Primo Water Corporation
NASDAQ : PRMW

Primo Water Corporation

November 07, 2017 16:52 ET

Primo Water Announces Third Quarter Financial Results

Sales and Profit Exceed Guidance with Record Results; Raises Full Year Outlook for Fiscal 2017

WINSTON-SALEM, N.C.--(Marketwired - Nov. 7, 2017) - Primo Water Corporation (NASDAQ:PRMW) today reported financial results for the third quarter ended September 30, 2017.

Third Quarter 2017 Business Highlights:

  • Sales more than doubled to a record $82.2 million, above guidance
  • Refill sales increased approximately seven-fold to $51.3 million
  • Exchange sales increased 8.6% to $20.4 million
  • Dispenser sales increased 12.4% to $10.5 million
  • Net income more than doubled to $4.9 million, a record $0.14 per diluted share
  • Adjusted net income from continuing operations increased to $0.19 per diluted share
  • Adjusted EBITDA increased 169% to a record $18.0 million, above guidance
  • Record sell-thru of dispenser units of 169,000

(All comparisons above are with respect to the third quarter ended September 30, 2016)

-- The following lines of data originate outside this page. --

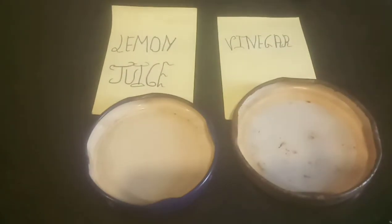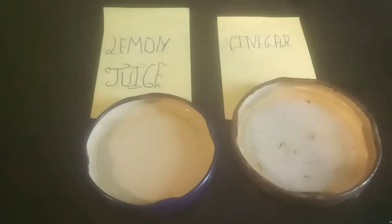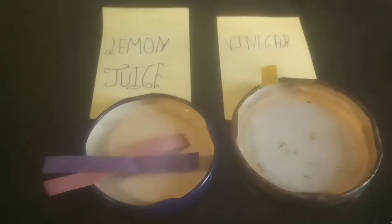Today's video we're going to be performing a science experiment. You need two small jars or small containers, lemon juice, and vinegar. You also need litmus papers and a small pH paper. We're going to dip the litmus paper in the lemon juice and the pH paper in the vinegar.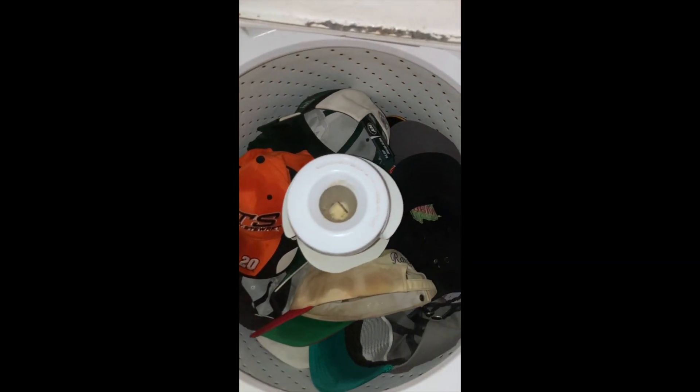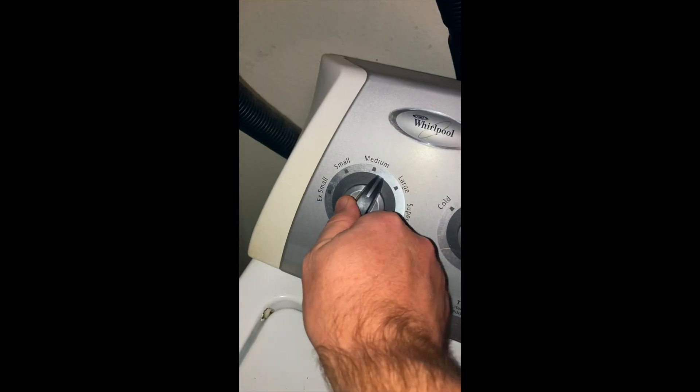We're going to let this sit for about 20 minutes. So now it's down in there with all of its little hat friends. We're going to call this large, keep it at cool, delicate, heavy soil.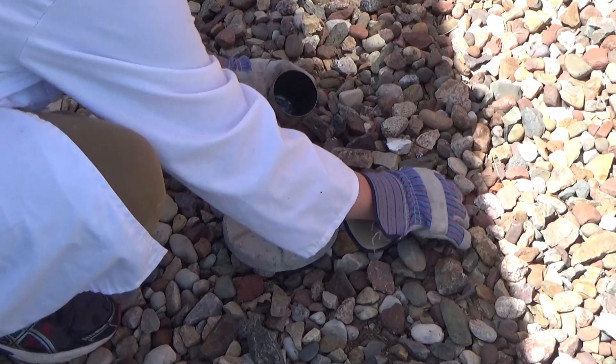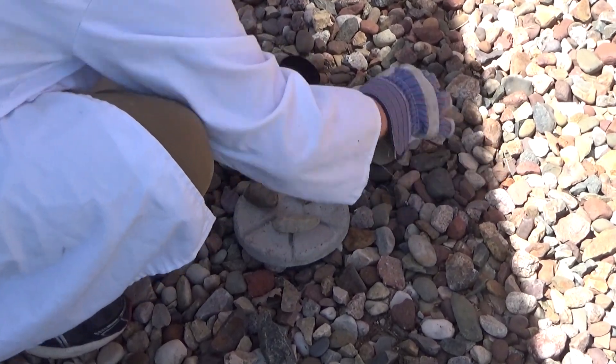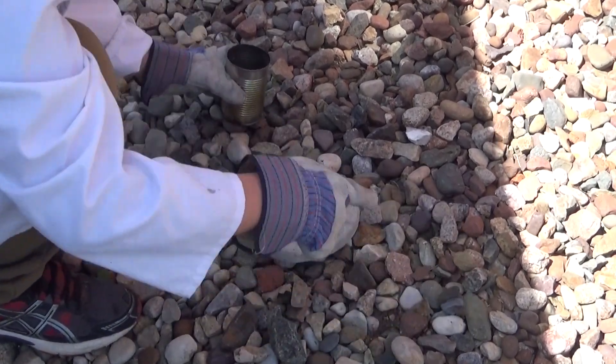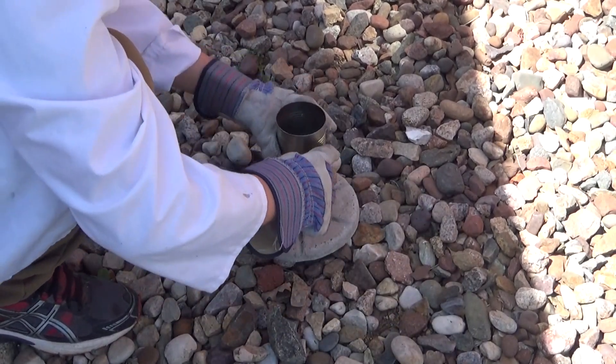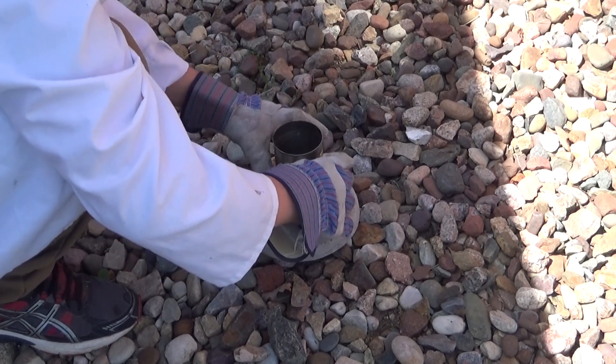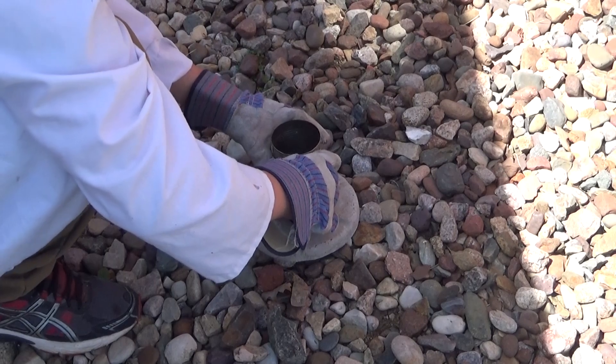Not good, not good. I think I recovered — that's why I'm doing it on rocks. If that happened on grass... actually, let's look at the rocks. It actually wouldn't have been that much of a deal.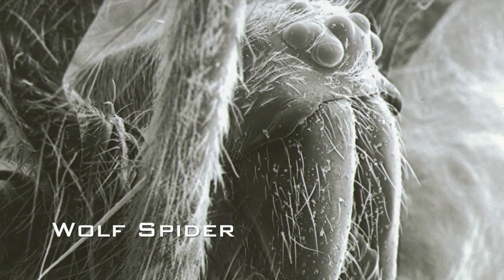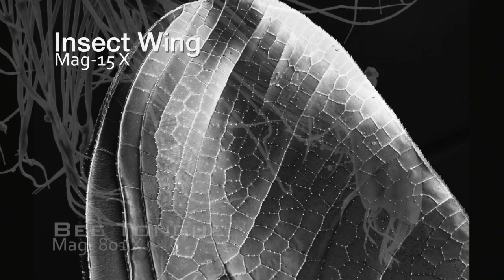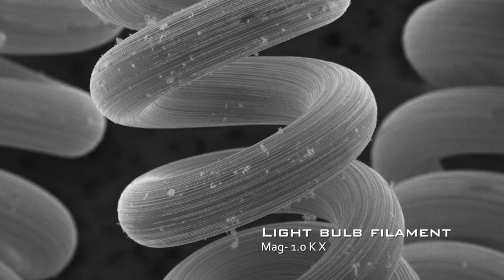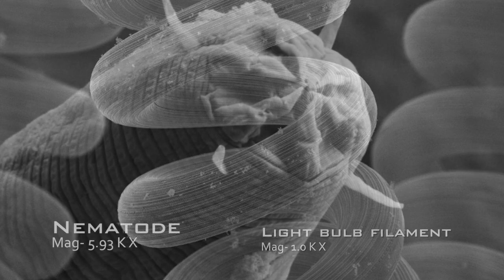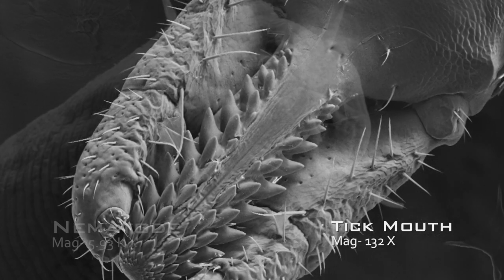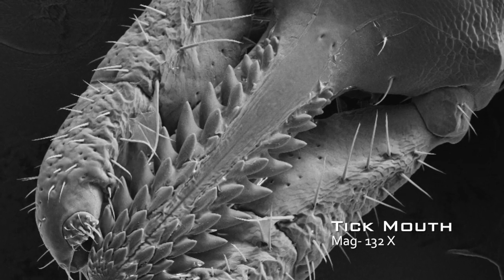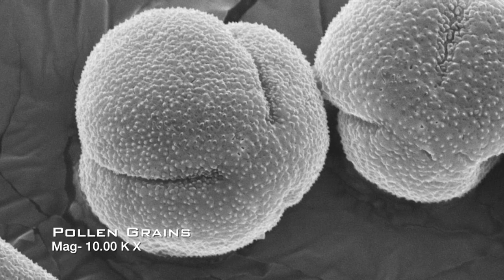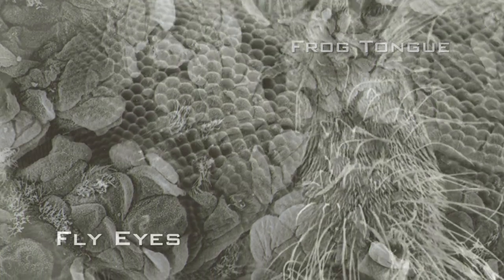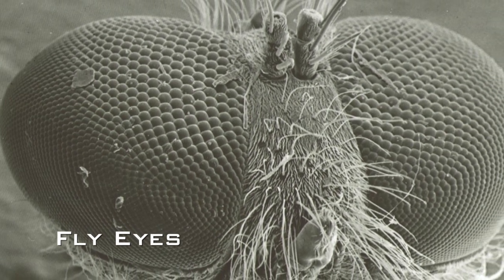Seeing the images produced by the electron microscope never gets tiring. Some of my favorite images include a bee tongue, a light bulb filament, a soil microbe called a nematode, and the mouth parts of a common tick found here in Arizona. You can get so much wonderful data from a single image, and it can really speak volumes about what you're researching and truly tell a story.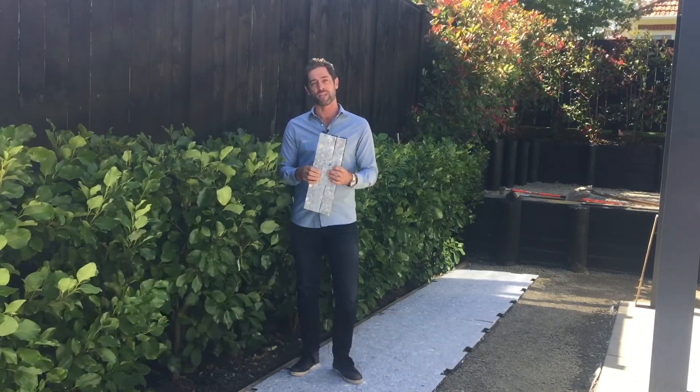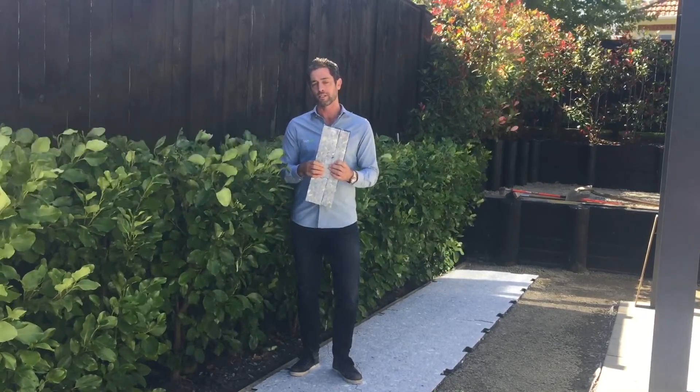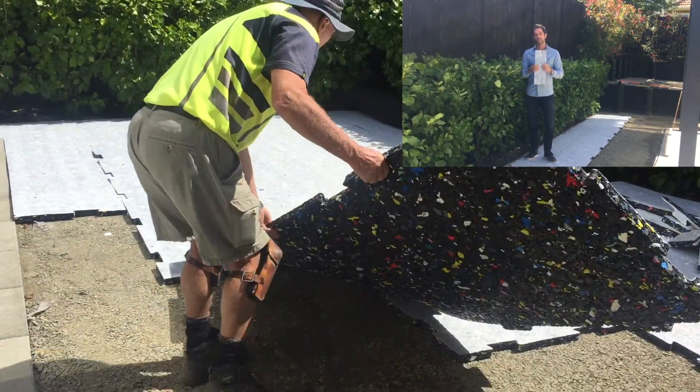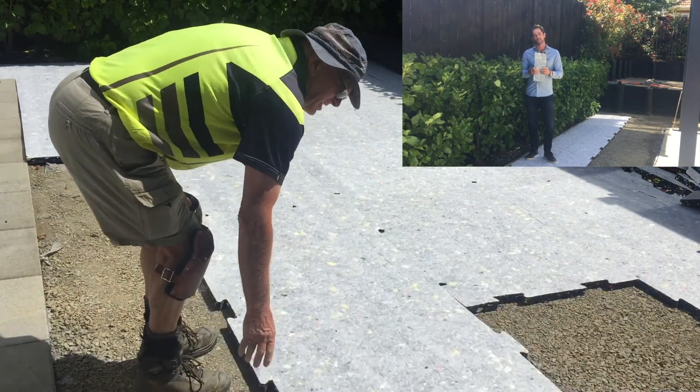It comes with a 25 year guarantee. It comes in sheets of 2.25 metres by 900 millimetres wide. It's fully interlocking — the two clips clip together so it holds in place nicely and won't move over time. It's light and easy to install.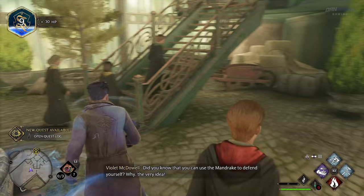Did you know that you can use the mandrake to defend yourself? Why the very idea?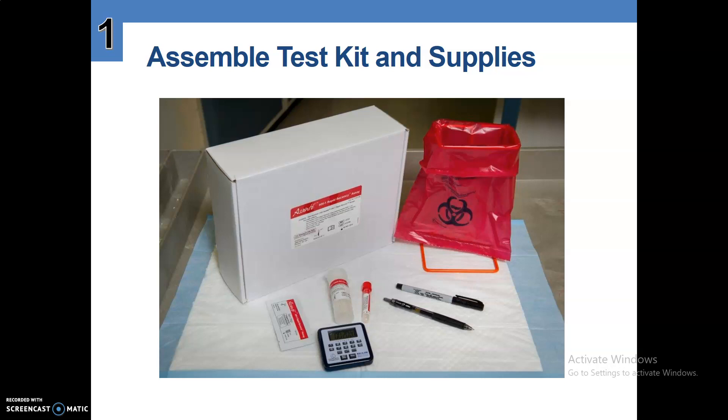Number one, a sample test kit and supplies is shown in the picture — whether it's the Asante box kit, the biohazard bag, a pen, a marker, a preset timer, and the kit components which are the test strip, the loops, and the buffer.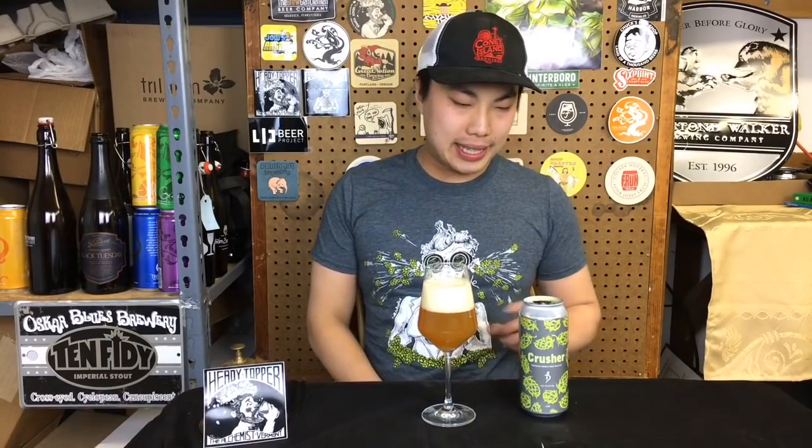Hey there, so today we have another review and this is from the Alchemist. This is Crusher, their double IPA.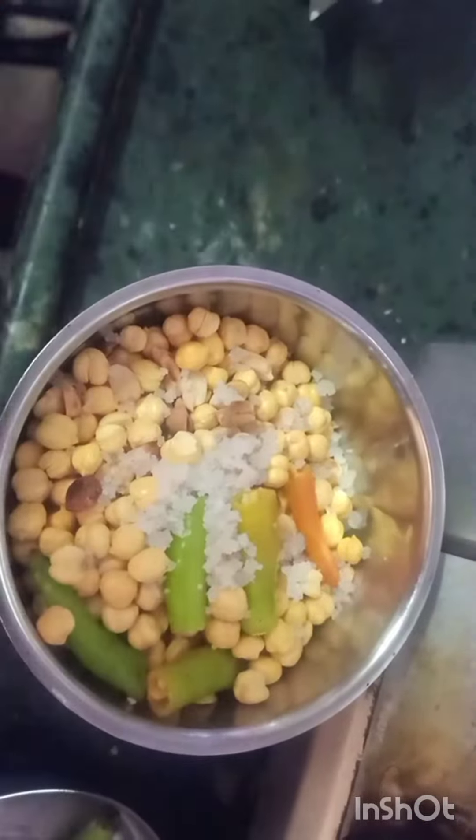Hi friends, today morning breakfast recipe is Uppuongali.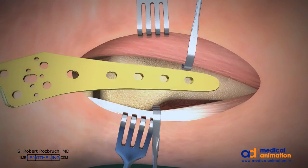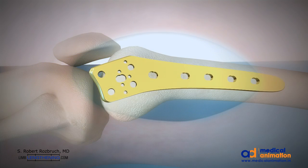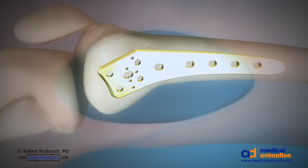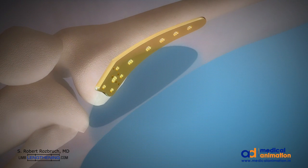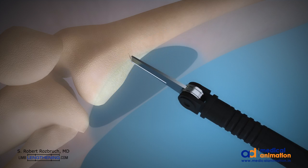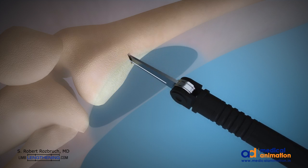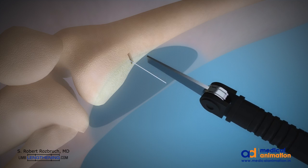I use a titanium plate as a stabilization, and I also use this as a template for choosing my osteotomy location. The position and orientation of the osteotomy is planned with a wire, and then is executed with a microsagittal saw, done while cooled with saline to avoid thermal necrosis.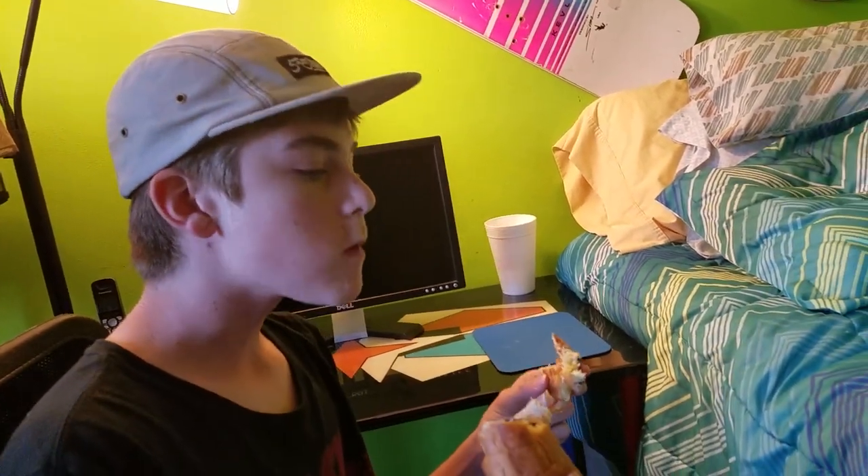Do you want me to put it in a Ziploc or do you want to eat it? It smells like coffee. It does? Mom, do a big bite like he did. No way. Yeah, I'll do it again.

"We are very pleased with our record sales and profitability, as well as continued strong consumer demand of our dispensers through the third quarter. These results reflect our entire organization's strong execution, particularly in the regions impacted by the hurricanes where we benefited from being a trusted water and dispenser solution for consumers," commented Matt Sheehan, Primo Water's Chief Executive Officer and President. "Our financial results demonstrate the strength of our recurring revenue and leverage model and our team's ability to deliver on our core strategies. Lastly, we continue to have confidence in our business and believe we are well positioned for long-term growth."

Third Quarter Results

Total sales more than doubled to $82.2 million from $35.5 million in the prior year quarter, with growth in all three reporting segments - Refill, Exchange and Dispensers. Results were positively impacted by recent hurricane activity in Texas and Florida and the timing of Dispenser shipments. Refill net sales increased to $51.3 million from $7.4 million in the prior year quarter, primarily due to the inclusion of sales from Glacier, which was acquired in December 2016. Exchange net sales increased 8.6% to $20.4 million from $18.8 million in the prior year quarter, driven by a 6.2% increase in U.S. same-store unit sales. We have experienced positive same-store unit growth in every quarter since becoming a public company in November 2010. Dispenser segment net sales increased 12.4% to $10.5 million from $9.3 million in the prior year quarter, due in part to the timing of shipments as well as strong sell-thru, which was 169,000 units in the third quarter.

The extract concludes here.